§ **ABOUT THIS TASK**
The required result is a line count: how many lines in this data hold the word "from". Give only that.

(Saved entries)
········

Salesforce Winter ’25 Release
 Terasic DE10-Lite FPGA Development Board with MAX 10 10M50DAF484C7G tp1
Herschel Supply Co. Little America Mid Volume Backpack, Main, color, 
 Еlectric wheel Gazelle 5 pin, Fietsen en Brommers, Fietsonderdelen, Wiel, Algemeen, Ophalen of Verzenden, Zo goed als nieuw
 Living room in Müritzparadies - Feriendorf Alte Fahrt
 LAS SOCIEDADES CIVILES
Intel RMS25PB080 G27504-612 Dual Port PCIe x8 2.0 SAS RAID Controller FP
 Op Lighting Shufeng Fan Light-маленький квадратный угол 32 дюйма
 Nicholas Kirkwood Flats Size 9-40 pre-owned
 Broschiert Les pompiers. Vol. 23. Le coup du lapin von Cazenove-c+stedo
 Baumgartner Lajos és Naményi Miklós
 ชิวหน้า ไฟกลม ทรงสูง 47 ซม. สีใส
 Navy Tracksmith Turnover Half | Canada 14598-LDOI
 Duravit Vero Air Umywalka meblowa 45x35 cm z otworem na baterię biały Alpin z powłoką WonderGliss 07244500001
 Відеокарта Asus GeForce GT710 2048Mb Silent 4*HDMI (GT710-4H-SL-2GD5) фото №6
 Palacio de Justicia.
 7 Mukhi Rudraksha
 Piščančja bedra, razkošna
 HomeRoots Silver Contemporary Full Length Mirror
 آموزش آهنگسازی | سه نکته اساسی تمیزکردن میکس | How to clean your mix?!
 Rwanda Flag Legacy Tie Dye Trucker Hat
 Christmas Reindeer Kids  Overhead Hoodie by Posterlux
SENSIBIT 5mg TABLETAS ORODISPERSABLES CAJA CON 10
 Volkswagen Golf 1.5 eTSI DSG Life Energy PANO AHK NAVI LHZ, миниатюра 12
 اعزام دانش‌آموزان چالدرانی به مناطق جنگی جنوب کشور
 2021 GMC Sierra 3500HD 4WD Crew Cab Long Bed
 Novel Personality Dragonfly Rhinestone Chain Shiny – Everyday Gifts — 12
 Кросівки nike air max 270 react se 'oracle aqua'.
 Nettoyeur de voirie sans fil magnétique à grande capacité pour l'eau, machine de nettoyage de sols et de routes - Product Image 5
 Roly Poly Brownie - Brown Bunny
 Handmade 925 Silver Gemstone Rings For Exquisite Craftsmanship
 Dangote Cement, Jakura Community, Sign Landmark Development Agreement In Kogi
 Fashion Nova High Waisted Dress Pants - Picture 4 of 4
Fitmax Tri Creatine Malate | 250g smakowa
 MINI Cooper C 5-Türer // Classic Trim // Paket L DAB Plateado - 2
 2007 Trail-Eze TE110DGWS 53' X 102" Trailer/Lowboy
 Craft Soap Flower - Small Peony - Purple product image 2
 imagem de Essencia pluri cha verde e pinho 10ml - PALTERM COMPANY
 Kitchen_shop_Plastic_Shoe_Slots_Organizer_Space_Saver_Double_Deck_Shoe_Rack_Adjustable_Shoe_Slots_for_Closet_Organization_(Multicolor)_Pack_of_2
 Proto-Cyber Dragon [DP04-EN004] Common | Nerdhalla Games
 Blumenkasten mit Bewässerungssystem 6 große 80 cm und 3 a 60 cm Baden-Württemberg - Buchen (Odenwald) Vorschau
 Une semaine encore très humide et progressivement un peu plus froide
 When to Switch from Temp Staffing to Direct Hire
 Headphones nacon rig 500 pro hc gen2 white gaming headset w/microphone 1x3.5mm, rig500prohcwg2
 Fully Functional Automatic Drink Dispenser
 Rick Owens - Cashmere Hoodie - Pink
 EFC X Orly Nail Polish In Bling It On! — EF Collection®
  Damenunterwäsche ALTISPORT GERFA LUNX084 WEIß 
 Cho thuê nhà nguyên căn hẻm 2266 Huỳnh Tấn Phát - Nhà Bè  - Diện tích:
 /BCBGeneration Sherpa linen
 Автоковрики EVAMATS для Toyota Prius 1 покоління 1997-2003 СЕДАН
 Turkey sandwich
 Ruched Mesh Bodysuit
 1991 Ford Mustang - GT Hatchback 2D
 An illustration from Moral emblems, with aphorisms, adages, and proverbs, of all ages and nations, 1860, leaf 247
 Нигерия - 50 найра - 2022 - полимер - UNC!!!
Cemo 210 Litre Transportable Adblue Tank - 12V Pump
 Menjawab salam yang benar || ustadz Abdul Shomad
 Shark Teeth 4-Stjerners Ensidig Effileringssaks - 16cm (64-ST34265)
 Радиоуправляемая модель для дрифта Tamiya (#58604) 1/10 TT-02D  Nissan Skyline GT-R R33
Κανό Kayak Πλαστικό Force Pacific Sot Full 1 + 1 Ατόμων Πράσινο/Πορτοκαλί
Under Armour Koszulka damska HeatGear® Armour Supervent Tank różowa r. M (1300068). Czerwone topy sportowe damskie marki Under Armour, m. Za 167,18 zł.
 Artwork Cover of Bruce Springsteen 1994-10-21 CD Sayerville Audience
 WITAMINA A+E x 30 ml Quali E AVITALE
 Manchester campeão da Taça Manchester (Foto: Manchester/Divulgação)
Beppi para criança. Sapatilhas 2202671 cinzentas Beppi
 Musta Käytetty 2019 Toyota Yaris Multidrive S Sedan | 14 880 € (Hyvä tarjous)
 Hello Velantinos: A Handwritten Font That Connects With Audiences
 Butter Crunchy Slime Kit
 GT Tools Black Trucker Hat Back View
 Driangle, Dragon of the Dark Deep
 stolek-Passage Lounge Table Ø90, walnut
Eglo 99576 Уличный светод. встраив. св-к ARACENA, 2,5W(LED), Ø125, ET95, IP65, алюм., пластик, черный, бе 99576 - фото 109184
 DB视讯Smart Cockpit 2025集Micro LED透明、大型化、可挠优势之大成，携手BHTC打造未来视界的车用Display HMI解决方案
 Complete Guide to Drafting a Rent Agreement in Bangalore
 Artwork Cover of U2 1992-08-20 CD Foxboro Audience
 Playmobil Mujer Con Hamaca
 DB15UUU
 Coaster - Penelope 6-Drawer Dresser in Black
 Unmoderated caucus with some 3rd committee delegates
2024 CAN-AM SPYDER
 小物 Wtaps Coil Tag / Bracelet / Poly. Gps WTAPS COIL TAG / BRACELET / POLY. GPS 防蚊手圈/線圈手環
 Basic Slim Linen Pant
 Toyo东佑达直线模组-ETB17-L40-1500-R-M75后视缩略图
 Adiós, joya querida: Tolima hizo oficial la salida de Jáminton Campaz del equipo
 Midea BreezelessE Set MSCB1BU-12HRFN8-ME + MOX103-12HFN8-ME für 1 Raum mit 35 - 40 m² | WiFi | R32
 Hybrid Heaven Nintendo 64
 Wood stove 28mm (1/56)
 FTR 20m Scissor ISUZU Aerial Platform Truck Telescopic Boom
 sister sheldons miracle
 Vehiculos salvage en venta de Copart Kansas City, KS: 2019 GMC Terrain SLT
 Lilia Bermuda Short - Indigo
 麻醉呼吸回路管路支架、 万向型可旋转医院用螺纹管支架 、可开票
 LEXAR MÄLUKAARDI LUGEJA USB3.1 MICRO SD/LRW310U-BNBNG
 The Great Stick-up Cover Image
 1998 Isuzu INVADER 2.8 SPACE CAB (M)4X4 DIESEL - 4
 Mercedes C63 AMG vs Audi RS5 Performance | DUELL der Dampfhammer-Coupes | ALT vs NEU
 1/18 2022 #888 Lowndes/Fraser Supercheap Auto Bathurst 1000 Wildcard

········

§ **ANSWER SECTION**
2